##### Recorded data
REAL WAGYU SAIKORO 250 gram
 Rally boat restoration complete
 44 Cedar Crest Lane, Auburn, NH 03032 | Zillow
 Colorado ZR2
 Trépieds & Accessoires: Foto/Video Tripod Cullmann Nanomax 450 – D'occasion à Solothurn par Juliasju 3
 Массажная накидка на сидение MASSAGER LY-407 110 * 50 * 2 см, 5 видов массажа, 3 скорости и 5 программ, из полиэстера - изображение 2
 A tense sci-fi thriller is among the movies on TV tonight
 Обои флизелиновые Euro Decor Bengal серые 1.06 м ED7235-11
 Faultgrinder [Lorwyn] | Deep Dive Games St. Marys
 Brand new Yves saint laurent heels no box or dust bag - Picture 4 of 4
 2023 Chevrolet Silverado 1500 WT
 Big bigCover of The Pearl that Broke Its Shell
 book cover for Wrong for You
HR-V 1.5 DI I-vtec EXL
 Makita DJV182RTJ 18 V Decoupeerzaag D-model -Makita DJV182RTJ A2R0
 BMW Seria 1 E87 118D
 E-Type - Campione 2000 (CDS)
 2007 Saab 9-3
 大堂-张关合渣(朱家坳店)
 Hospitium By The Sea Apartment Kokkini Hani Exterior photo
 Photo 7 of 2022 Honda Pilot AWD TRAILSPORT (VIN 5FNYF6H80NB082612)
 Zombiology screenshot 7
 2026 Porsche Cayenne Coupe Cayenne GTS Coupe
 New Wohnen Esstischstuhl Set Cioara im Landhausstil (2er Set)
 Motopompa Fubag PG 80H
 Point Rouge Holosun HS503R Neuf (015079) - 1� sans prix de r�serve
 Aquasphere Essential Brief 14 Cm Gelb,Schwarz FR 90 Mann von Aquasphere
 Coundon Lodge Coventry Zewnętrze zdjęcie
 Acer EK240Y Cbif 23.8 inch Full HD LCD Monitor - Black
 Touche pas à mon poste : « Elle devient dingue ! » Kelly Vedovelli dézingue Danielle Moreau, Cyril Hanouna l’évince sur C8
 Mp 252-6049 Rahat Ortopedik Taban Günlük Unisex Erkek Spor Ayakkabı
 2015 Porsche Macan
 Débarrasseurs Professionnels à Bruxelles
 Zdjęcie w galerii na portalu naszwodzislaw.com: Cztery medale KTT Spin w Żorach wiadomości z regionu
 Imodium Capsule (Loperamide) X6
##########
=== Your assignment ===
Your answer should be the lines above, from the line containing "Mp 252-6049 Rahat" up to and including the line containing "Zdjęcie w galerii", reproduced exactly and with nothing else.

=== Solution below ===
 Mp 252-6049 Rahat Ortopedik Taban Günlük Unisex Erkek Spor Ayakkabı
 2015 Porsche Macan
 Débarrasseurs Professionnels à Bruxelles
 Zdjęcie w galerii na portalu naszwodzislaw.com: Cztery medale KTT Spin w Żorach wiadomości z regionu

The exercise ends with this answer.